A XGBoost risk model via feature selection and Bayesian hyper-parameter optimization

Yan Wang,Xuelei Sherry Ni
DOI: https://doi.org/10.48550/arXiv.1901.08433
2019-01-24
Abstract:This paper aims to explore models based on the extreme gradient boosting (XGBoost) approach for business risk classification. Feature selection (FS) algorithms and hyper-parameter optimizations are simultaneously considered during model training. The five most commonly used FS methods including weight by Gini, weight by Chi-square, hierarchical variable clustering, weight by correlation, and weight by information are applied to alleviate the effect of redundant features. Two hyper-parameter optimization approaches, random search (RS) and Bayesian tree-structured Parzen Estimator (TPE), are applied in XGBoost. The effect of different FS and hyper-parameter optimization methods on the model performance are investigated by the Wilcoxon Signed Rank Test.
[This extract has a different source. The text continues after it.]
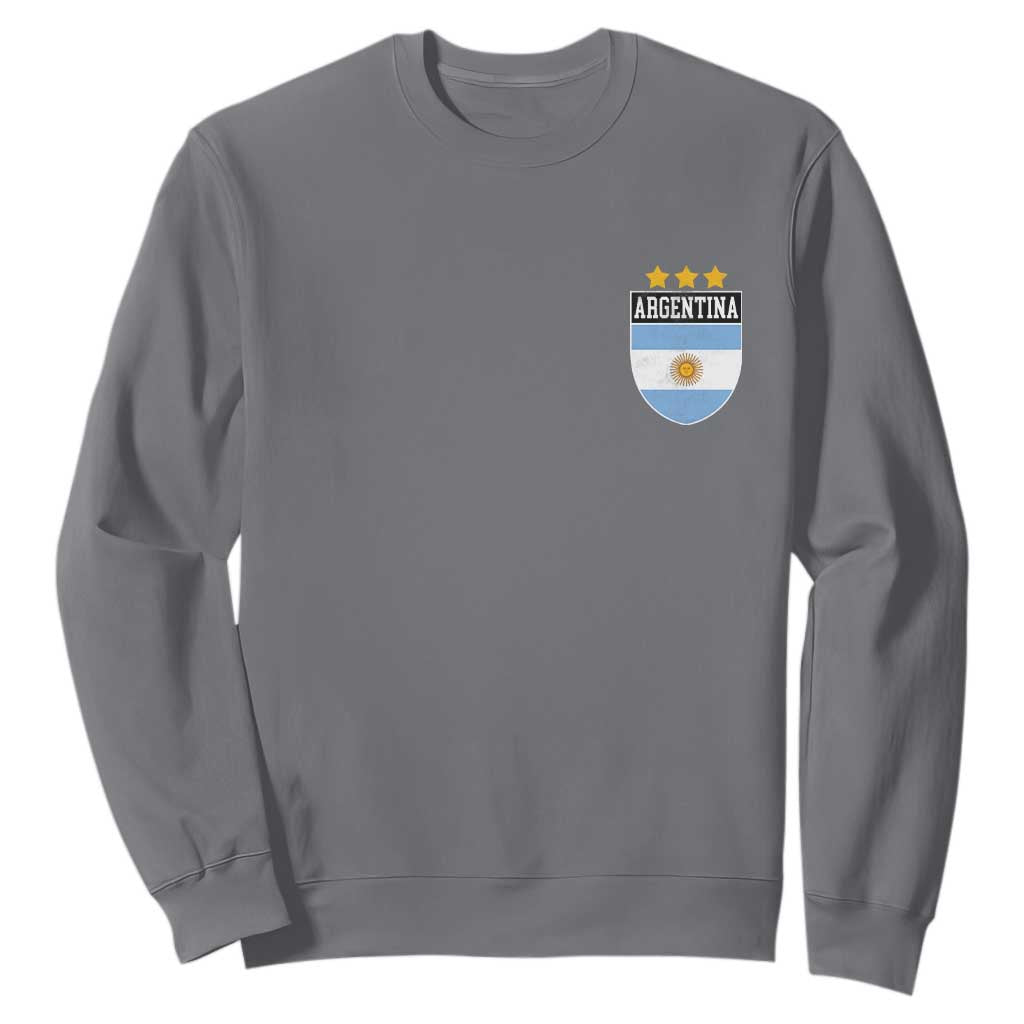Argentina 3rd Star Vintage Argentine Football Crest Sweatshirt TS11 Charcoal Print Your Wear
The performance of XGBoost is compared to the traditionally utilized logistic regression (LR) model in terms of classification accuracy, area under the curve (AUC), recall, and F1 score obtained from the 10-fold cross validation. Results show that hierarchical clustering is the optimal FS method for LR while weight by Chi-square achieves the best performance in XG-Boost. Both TPE and RS optimization in XGBoost outperform LR significantly. TPE optimization shows a superiority over RS since it results in a significantly higher accuracy and a marginally higher AUC, recall and F1 score. Furthermore, XGBoost with TPE tuning shows a lower variability than the RS method. Finally, the ranking of feature importance based on XGBoost enhances the model interpretation. Therefore, XGBoost with Bayesian TPE hyper-parameter optimization serves as an operative while powerful approach for business risk modeling.
Machine Learning
What problem does this paper attempt to address?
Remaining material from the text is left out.